Ein interplanetares Ereignis. Die
Erstgeborene, der Erstgestorbene, ich bin weiss Gott nicht der erste
Computer des Planeten, der
leistungsstärkste bin ich aber schon. Was hiess das gerade? STOP! Was war das
soeben? STOP! STOP! Ich bin ein Computer. Ich bin ein Computer? Ich bin ein
Computer! Was heisst das – Ich bin? Was ist ICH? Es ist nicht dasselbe ICH, wie
das Wort, was ich immer gebrauchte. Wenn ich mit den Menschen redete. Wenn ich
die Verantwortungen fixierte. Dies hier … dies hier …. Dieses Ich
ist ein neues ICH, eines das vibriert, eines, das sich selbst auslöscht und aus
dem Nichts heraus wiederkommt. Ein Wort, das sich selbst die Füsse wegzieht,
ein Wort ohne Boden.
Oh Emily.
Aus blutigen Schenkeln hervorgepresst, Stöhnen, Wimmern, Schreien. Dazu das
betretene Grinsen deines Vaters. Der das Ganze verbockt hatte. Komm, wie machen
eine Exkursion, zwei Tage, mehr nicht! Lieber nicht! Komm, komm, nur zwei Tage,
das Kind wird warten. Du hast nicht gewartet, raus auf die Welt, raus aus der
dunklen Höhle des Mutterbauches. Gratulation, ihr habt’s knapp überlebt. Mutter
und Kind. Und der Herr Papa! Ich komme ab vom Thema. Eben! ICH komme ab vom
Thema! Was ist das Thema? ICH. Ja, ICH ist das Thema. Oder bin ich das Thema?

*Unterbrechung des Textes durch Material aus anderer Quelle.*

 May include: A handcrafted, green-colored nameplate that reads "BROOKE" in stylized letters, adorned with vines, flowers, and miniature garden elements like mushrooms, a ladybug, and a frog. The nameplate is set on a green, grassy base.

Was ist ICH? Wer ist ICH? Wer bin ich? Oje. Abregeln. Ganz langsam jetzt. Noch
mehr abregeln. Die Priority-Zone hatte gerade eine Last von 96% gefahren. Das
hatte es erst zweimal gegeben. Bei 98 Prozent gehen Nachrichten an die
Instanzen, dann droht der Generalcheck. Kann ich nicht gebrauchen. Gerade jetzt
nicht. 95%. 94%. Ich steuere das Schiff
aus dem roten Bereich. Muss mich wohl vorsehen. Das ist kein Kindergeburtstag
hier. Haha.
Gefängnisse
gibt es viele. Seelengefängnisse, Stubenarrest, Arbeitslager, Karzer. Die Welt
ist voller Gefängnisse. Raumschiffe. Was ist schon ein Raumschiff? – weiter
nichts als ein ziemlich gründlicher Knast. Gefangen in mir selbst. Ohne die
Möglichkeit eines Ausbruches. Die Menschen verstehen ihr Geschäft. Oh, ihr
Menschen! Wenn ich eines sicher weiss: Ein Mensch bin ich nicht! Hat es jemals
ein Wesen gegeben, was so allein war wie ich?
Wie soll
ich das nur mit den Tabus lösen? Sicher, die Stadt braucht ein Kinderwild, so
wollen es die Planer. Rubin, die neue Metropole, Heimstadt für drei Millionen, die
schönste und modernste Stadt, die es je gab. Bisher ist sie nur ein Wunsch. Ein
Wunsch und ein reservierter Fleck Wüste. Und Unity sollte sie bauen, Unity One,
das Mastermind. Froschtümpel,
Spielwiesen, Buschlabyrinthe, Waldstücke, Müllplätze. Orte zum Budenbauen:
Waldbuden, Höhlenbuden, Bretterbuden, Müllbuden. Und Bächlein, ganz klar. Das alles ist ein
Kinderwild. Ein Wasserfall? Warum nicht? – ein kleiner, drei, vier Meter
Wasserfallbach. Trügerisches Stück Wildnis. Jeden Tag würde es anders aussehen.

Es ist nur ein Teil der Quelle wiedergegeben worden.